Saturday, March 9, 2013

Vegetarian Refried Beans

I have a love/hate relationship with refried beans. I love them (although they sometimes don't love me). The refried beans in a can are "o.k.;" however, they are really bland - even the kinds with the chiles in. These Refried Beans only take a few minutes to make and go well with any Mexican dinner.

Ingredients

1 tablespoon Canola Oil
½ medium white onion (diced)
2 cloves garlic (finely minced)
1 teaspoon chili powder
1 teaspoon cumin
2 (15 ounce) cans of pinto beans (drained and rinsed)
1 can diced green chiles
⅔ cup chicken broth
Salt and Pepper (to taste)
1 teaspoon Tabasco Sauce
2 tablespoons freshly chopped cilantro

Directions

Heat the oil in a medium-sized pot over medium heat.

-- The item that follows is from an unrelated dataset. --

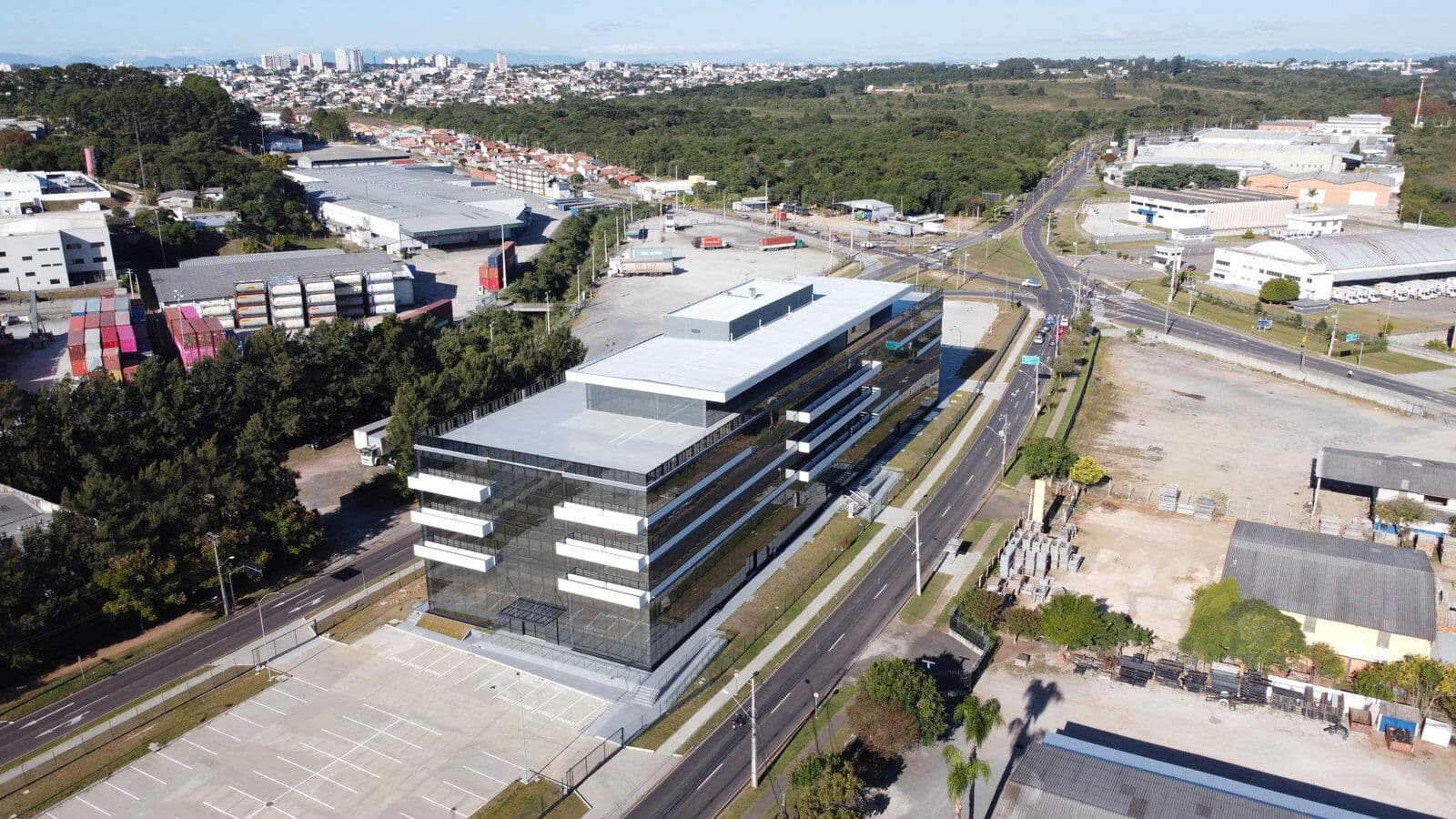 Laje Corporativa para Alugar em Curitiba Edifício Ilha Corporativo na CIC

Add the onions and cook 3 − 4 minutes until translucent. Add the garlic, chili powder and ground cumin and cook for 1 − 2 more minutes (keep stirring). "Toasting" the spices really brings out the flavor.


Add the 2 cans of rinsed pinto beans and broth. Bring to a simmer and cook for about five minutes.


After the beans have heated up, mash with the back of your spoon, a potato masher or a knife, the beans.


Cook, stirring constantly to prevent burning, to evaporate some of the liquid. Add in the chiles, salt and pepper (to your taste) and Tabasco sauce.

Top with freshly chopped cilantro. Stir in and serve.